O pesadelo quando as barreiras entre o real e o sobrenatural se desfazem 

Fale Comigo poderia ser apenas mais um filme qualquer de terror onde a diversão dos jovens se torna um pesadelo, mas o principal trunfo do roteiro escrito por Danny Philippou e Bill Hinzman é a presença da protagonista Mia (Sophie Wilde). Com a morte de sua mãe, Rhea (Alexandria Steffensen), prestes a completar dois anos e sua relação complicada e distante com o pai Max (Marcus Johnson), ela vive com a família de sua melhor amiga, Jade (Alexandra Jensen), sua mãe e irmão mais novo, Riley (Joe Bird). Em uma festa, ela resolve participar da brincadeira e, logo, fica totalmente fascinada com o experimento.

Mia é o ponto de transição para Fale Comigo. Sem apelar para sustos fáceis (os famosos “jump scares”), o filme constrói uma constante sensação de tensão e desconforto que, progressivamente, fica mais macabra conforme as coisas saem do controle e Mia se vê mais perdida e assombrada pela experiência. O tópico da saúde mental está cada vez mais em alta em produções de terror, sendo pela personagem de Sophie Wilde que Danny e Michael Philippou posicionam suas metáforas sobre o assunto. Como Mia ainda está passando pelo processo de luto pela morte da mãe e distanciamento com o pai, a brincadeira com a mão embalsamada acaba sendo um escape para os problemas de sua vida pessoal, assim como uma experiência viciante e potente que, de certa forma, a faz se sentir viva como a muito tempo não acontecia.

Fale Comigo vai deixando uma narrativa padrão de lado conforme os demônios internos de Mia se confundem com o mundo espiritual e suas entidades demoníacas, então, assim como a dela, nossa percepção da realidade se torna cada vez mais confusa e assustadora. Uma dinâmica interessante e perturbadora que te prende na cadeira em uma atmosfera sinistra. Os diretores Danny e Michael Philippou apostam no “valor de choque”, com cenas pesadas e desconfortáveis, que nos remetem a momentos icônicos de O Exorcista (1973) e Hereditário (2018) e vão deixar o público sem reação e de boca aberta.
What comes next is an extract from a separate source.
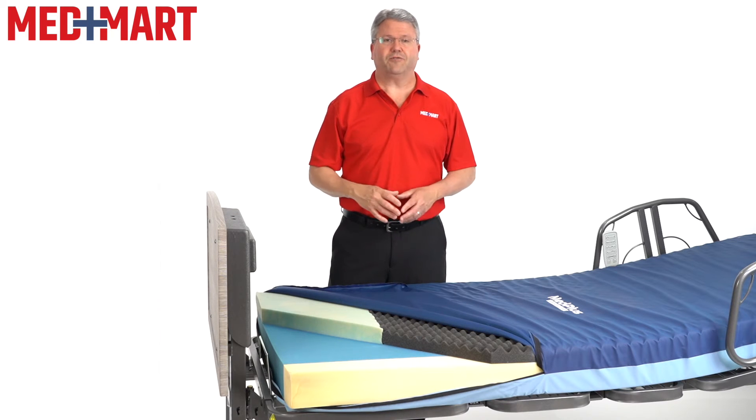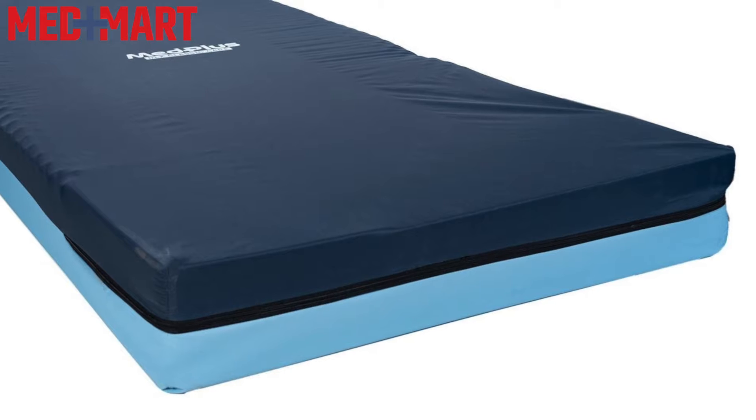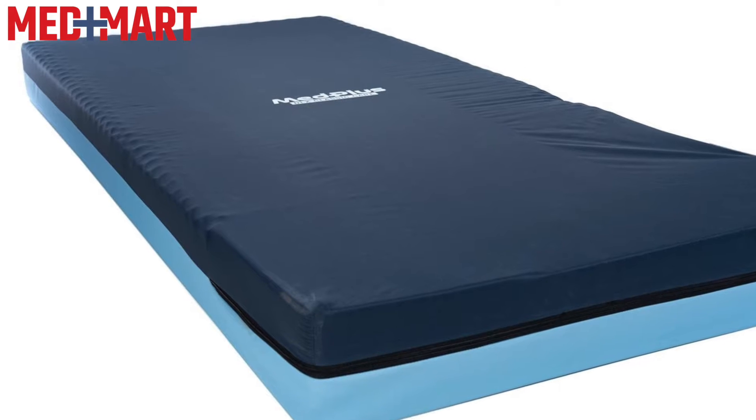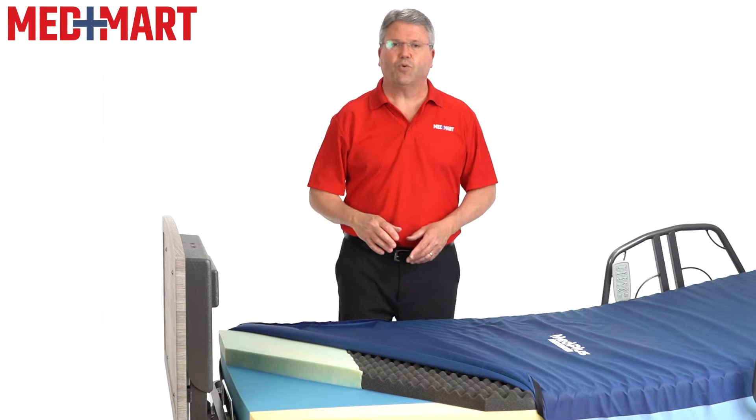Are you looking for a comfortable home care mattress with additional heel protection and an incredible value? The HeelCare RLX by MedPlus at MedMart offers amazing support at an unbeatable price. My name is Jeff, and I'm a product expert here at MedMart. I've been a registered nurse for over 25 years.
Nada disso seria possível sem os efeitos práticos impressionantes, provenientes da experiência deles nos vídeos do YouTube, assim como o trabalho de maquiagem – que chama atenção principalmente na mudança de expressão quando os personagens entram em contato com o mundo sobrenatural. Outro destaque fica para todo o imersivo trabalho sonoro da produção, que enriquece e arrepia com pequenos detalhes captados. Entrando no encerramento de Fale Comigo, se preparem para um soco no estômago com um final extremamente corajoso e que deixa aberto possibilidades para sequências ou derivados. É importante ressaltar também que o filme pode desagradar uma parte do público em busca de respostas e soluções fáceis para o que é apresentado, já que Danny e Michael Philippou não estão nem um pouco preocupados em deixar mastigado a mitologia por trás da mão embalsamada – ainda bem que não!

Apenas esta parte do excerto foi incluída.